Copy out only the span from the line with "Building Photo - 152 Greenridge Cir" to the end of the data, both ends kept, word for word.

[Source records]

|---|

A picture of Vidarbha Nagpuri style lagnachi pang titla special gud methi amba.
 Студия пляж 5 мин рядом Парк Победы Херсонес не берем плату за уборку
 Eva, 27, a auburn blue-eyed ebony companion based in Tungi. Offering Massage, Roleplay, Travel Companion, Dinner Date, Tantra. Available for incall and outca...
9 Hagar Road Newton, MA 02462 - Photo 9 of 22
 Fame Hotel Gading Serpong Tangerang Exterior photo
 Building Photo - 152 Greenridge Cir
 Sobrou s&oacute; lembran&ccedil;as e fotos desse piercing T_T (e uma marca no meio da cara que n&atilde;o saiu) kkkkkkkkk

|---|

- [Solution to this exercise]:
 Building Photo - 152 Greenridge Cir
 Sobrou s&oacute; lembran&ccedil;as e fotos desse piercing T_T (e uma marca no meio da cara que n&atilde;o saiu) kkkkkkkkk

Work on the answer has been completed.